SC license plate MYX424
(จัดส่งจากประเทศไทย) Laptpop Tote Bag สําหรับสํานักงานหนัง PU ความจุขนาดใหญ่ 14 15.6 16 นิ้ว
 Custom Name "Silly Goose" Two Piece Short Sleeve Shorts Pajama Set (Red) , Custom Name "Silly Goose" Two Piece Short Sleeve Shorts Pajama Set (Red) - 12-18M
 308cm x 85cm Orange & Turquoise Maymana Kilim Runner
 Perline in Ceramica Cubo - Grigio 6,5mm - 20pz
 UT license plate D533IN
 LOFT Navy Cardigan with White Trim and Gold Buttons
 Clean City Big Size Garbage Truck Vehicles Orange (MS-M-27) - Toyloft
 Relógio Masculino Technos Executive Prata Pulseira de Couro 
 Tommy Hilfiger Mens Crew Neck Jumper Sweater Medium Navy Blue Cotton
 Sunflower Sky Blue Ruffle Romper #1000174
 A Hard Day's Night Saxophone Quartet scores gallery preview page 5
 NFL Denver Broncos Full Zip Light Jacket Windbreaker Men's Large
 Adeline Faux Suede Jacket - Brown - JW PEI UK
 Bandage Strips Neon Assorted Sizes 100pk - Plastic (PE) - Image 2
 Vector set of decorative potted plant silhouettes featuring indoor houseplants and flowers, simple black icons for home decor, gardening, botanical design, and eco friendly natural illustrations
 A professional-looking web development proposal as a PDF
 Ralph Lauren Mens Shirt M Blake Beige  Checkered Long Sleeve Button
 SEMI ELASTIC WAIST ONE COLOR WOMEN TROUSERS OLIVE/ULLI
***
• **Brief**
Transcribe the records above exactly, from the opening line down to and including the line with "(Red) - 12-18M".

• **Your response**
SC license plate MYX424
(จัดส่งจากประเทศไทย) Laptpop Tote Bag สําหรับสํานักงานหนัง PU ความจุขนาดใหญ่ 14 15.6 16 นิ้ว
 Custom Name "Silly Goose" Two Piece Short Sleeve Shorts Pajama Set (Red) , Custom Name "Silly Goose" Two Piece Short Sleeve Shorts Pajama Set (Red) - 12-18M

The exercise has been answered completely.